Architetto: donne e professione

Qualche giorno fa’, seduta intorno ad un tavolo per la trattativa tra una società di costruzioni ed il proprietario di un terreno, che aveva commissionato al mio studio un progetto, ho pensato: domenica 14 aprile sarà la Festa della Mamma.
Cosa centra?! – Penserete voi!
Ebbene, quella era l’ennesima volta in cui mi sono trovata nella situazione di avere solo interlocutori maschili: l’immobiliarista, il costruttore, l’intermediario, il proprietario, il finanziatore, il responsabile delle vendite, il collega, ecc. Uno specchio di quello che è lo stato della mia professione di architetto.
Dovrei essere abituata ormai, visto che opero nell’ambiente delle costruzioni dal lontano 1996, eppure qualcosa dentro di me stride sempre.
Non che non ci siano donne laureate in Architettura, non che non ci siano progettiste capaci di affermarsi in ambito internazionale come Eileen Gray, Denise Scott Brown, Zaha Hadid, KazuyoSejima e Maya Lin….
Ma la quotidianità della professione qual è? Dove sono finite le tante mie compagne di università? Potranno permettersi “il lusso” di essere professioniste e madri? Avranno il privilegio di festeggiare questo giorno, che seppur commercializzato, mantiene il suo carico di significati?
Finita la riunione “fiume” , altra tipica modalità di lavoro prettamente maschile (…ma a casa proprio non ci tenete a rientrare?) ho incominciato a domandarmi quale strada avevano intrapreso le numerose donne architetto che avevo incontrato in questi anni.
Appena laureate ci siamo buttate tutte con grande entusiasmo, inseguendo sogni e desideri, lavorando sodo come collaboratrici in studi di architettura, società di engineering, o società di costruzioni.
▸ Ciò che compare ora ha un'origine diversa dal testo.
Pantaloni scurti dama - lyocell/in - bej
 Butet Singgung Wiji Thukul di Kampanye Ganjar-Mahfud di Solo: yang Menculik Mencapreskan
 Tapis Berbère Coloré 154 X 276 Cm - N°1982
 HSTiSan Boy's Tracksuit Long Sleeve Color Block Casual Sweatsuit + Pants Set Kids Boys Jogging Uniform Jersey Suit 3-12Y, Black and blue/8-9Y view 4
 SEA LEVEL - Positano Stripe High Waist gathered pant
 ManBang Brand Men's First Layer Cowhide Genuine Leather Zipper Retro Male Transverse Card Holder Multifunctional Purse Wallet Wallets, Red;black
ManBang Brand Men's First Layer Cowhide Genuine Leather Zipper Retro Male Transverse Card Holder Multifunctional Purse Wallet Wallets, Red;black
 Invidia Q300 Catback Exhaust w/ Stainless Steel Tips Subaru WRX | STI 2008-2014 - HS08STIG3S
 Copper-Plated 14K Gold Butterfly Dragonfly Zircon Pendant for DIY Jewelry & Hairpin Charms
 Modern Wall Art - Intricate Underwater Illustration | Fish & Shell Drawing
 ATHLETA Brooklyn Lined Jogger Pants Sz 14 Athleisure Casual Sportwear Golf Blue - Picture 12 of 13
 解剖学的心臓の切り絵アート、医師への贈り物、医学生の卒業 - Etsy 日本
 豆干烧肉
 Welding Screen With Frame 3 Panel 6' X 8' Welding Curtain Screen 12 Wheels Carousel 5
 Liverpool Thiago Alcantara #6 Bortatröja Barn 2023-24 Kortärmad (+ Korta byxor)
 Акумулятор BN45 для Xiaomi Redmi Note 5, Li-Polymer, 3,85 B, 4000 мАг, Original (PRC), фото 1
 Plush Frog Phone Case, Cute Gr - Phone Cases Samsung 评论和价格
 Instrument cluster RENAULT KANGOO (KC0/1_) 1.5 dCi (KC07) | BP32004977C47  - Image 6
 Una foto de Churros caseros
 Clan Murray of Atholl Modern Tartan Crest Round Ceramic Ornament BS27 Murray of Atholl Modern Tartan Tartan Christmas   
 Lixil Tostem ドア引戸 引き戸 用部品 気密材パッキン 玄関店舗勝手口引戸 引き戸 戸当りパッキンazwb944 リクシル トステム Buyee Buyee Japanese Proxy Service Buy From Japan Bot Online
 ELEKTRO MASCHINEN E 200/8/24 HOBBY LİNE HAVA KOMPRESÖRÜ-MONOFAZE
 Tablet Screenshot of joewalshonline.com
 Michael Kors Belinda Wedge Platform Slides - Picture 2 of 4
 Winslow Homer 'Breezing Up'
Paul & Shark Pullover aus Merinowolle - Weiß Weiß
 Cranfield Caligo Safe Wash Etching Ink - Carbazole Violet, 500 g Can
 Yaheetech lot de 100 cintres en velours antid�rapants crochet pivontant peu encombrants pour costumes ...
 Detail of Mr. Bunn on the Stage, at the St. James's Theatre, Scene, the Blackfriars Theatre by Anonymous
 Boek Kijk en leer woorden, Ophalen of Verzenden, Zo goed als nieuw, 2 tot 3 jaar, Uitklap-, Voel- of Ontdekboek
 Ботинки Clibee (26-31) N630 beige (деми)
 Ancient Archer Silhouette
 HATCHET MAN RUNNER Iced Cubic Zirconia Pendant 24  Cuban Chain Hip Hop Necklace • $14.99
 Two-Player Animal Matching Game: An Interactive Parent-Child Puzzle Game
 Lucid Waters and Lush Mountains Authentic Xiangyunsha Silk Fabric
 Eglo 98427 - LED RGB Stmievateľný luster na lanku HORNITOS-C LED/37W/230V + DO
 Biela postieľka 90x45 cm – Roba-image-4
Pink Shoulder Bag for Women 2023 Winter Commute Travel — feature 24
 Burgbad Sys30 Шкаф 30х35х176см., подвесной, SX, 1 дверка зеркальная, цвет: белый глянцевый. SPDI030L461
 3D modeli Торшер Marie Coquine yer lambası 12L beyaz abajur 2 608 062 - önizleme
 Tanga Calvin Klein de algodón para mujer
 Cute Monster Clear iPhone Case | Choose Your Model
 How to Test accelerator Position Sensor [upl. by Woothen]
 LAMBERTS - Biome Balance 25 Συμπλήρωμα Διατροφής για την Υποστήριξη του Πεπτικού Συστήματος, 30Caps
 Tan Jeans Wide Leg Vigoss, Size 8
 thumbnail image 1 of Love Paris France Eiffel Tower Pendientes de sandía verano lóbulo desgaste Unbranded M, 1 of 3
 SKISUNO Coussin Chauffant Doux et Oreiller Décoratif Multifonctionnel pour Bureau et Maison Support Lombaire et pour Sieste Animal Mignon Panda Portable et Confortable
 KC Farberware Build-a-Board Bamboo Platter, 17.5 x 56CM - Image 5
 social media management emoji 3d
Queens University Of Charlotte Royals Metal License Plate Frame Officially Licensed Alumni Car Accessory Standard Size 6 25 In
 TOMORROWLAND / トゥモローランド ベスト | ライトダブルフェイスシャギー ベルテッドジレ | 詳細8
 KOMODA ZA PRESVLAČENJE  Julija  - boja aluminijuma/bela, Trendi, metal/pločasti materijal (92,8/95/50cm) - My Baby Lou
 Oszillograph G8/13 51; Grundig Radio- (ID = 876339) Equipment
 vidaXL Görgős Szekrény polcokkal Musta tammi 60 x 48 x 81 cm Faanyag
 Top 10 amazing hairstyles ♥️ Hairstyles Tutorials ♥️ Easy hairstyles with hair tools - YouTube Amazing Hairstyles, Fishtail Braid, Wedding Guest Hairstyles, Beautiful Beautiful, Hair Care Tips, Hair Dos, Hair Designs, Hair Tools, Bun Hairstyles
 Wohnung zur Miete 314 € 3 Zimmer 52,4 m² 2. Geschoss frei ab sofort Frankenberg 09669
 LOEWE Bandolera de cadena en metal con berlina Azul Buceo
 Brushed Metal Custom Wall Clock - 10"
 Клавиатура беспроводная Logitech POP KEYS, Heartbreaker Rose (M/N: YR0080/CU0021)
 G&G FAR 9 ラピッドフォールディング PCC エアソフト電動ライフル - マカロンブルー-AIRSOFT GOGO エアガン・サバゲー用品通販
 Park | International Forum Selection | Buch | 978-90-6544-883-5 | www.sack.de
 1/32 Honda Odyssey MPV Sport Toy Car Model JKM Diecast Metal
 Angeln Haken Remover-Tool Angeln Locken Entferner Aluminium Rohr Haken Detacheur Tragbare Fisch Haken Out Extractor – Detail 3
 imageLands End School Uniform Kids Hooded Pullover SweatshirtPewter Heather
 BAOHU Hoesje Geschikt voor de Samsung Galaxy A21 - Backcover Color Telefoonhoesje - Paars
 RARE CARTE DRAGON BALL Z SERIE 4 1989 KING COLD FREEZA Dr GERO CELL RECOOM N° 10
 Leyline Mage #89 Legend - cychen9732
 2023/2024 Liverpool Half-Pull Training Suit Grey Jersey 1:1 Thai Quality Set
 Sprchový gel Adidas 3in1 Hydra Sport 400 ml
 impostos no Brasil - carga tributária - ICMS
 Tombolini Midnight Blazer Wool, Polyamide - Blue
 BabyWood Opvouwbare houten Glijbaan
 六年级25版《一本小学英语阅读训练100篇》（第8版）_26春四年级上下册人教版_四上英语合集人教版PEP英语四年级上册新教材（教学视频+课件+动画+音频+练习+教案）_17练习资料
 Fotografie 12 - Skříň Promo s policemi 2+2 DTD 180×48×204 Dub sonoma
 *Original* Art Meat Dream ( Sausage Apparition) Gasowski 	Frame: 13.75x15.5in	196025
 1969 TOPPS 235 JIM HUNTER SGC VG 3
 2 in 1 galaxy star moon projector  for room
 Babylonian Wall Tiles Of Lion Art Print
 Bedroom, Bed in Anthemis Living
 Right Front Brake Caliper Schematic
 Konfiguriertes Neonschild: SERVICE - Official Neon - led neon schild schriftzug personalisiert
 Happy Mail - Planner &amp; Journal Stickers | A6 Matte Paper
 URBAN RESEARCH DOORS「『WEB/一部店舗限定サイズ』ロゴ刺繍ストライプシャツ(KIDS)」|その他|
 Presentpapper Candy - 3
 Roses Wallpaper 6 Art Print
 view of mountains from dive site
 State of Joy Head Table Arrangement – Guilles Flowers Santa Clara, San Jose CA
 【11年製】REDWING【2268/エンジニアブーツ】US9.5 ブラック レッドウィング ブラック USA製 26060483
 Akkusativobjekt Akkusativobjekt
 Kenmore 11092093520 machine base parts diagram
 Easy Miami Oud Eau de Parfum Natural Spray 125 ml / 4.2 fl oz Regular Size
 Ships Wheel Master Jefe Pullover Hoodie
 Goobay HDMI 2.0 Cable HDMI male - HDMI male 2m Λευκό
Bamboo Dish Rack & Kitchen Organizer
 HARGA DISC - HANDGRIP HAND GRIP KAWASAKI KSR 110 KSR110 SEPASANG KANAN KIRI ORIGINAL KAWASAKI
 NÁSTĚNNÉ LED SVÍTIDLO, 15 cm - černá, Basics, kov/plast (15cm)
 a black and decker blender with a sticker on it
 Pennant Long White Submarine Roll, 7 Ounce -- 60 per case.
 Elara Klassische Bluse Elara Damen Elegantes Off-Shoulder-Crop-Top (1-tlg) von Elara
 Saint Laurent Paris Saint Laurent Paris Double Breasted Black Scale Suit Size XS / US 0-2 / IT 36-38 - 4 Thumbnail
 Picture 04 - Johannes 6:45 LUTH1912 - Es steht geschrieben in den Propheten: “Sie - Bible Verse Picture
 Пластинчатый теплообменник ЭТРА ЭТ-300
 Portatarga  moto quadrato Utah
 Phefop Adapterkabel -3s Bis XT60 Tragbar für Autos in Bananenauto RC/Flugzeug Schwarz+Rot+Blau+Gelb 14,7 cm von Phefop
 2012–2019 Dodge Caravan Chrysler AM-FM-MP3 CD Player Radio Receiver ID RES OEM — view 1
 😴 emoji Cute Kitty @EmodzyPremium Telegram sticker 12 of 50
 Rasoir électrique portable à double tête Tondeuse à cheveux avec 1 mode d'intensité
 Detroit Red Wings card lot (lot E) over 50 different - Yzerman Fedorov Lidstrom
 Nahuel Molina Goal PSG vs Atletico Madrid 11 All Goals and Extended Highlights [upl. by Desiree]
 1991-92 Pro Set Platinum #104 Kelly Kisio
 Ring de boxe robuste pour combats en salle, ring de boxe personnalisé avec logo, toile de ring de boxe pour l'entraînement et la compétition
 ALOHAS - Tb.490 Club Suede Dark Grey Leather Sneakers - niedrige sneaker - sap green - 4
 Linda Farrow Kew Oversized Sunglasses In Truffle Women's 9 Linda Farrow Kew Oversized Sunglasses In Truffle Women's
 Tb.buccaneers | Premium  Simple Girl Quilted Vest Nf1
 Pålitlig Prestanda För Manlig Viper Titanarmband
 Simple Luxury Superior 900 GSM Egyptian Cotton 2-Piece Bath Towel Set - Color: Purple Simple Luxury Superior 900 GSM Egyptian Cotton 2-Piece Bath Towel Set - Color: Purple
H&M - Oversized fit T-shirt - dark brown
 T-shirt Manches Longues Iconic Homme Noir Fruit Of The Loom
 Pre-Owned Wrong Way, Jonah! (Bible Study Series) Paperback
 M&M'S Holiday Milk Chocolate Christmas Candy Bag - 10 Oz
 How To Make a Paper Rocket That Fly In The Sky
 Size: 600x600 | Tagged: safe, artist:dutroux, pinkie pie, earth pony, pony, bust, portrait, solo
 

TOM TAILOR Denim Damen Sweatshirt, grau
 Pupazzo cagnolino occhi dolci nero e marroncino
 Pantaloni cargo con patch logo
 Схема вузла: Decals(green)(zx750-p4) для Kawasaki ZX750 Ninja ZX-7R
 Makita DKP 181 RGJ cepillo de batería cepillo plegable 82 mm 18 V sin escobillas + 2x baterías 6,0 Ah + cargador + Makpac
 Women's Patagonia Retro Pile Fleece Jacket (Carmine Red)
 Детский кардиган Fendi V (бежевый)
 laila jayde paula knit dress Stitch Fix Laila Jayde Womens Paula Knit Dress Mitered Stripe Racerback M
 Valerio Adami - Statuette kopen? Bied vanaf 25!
Molte ore, pochi soldi, molte partite iva che coprivano lavori da dipendente, niente mutua o ferie, poche gratificazioni.
Dopo un po’ di tempo, qualcuna ha optato per il pubblico impiego: uffici tecnici di Comuni, Regioni o Enti statali. Poche hanno raggiunto posizioni di rilevo. Molte lamentano la poca importanza data alla meritocrazia.
Una certa percentuale, ha cercato di conciliare orari lavorativi e impegni famigliari, dedicandosi all’insegnamento. Stipendi medi, poche possibilità di carriera, sicurezza se “di ruolo”, precarietà e mobilità se supplenti. Maggioranza assoluta di donne.
Molte sono impiegate nel campo del design e dell’arredo d’interni, settore dove forse è maggiormente accettata la presenza femminile, essendo legati ai concetti ormai obsoleti di “donna regina della casa” e di buon gusto.
Le più determinate, propense alla leadership, hanno preso centinaia di aerei, visto molte stanze di hotels e sale riunioni, passato Natali e compleanni attaccate al PC o al cellulare aziendale, corso molto, combattuto contro il tempo, i pregiudizi, la solitudine e l’invidia.
Tra molte serpeggia una certa delusione, un velo di tristezza che accompagna l’idea di aver pagato un prezzo che molti dei loro compagni non hanno dovuto pagare…
Quindi oggi il mio pensiero va’ a tutte le donne e le mamme che hanno rinunciato a qualcosa, per essere quello che sono. Un abbraccio virtuale per le scelte coraggiose portate avanti, nella quotidianità di giorni anonimi o nello slancio del momento.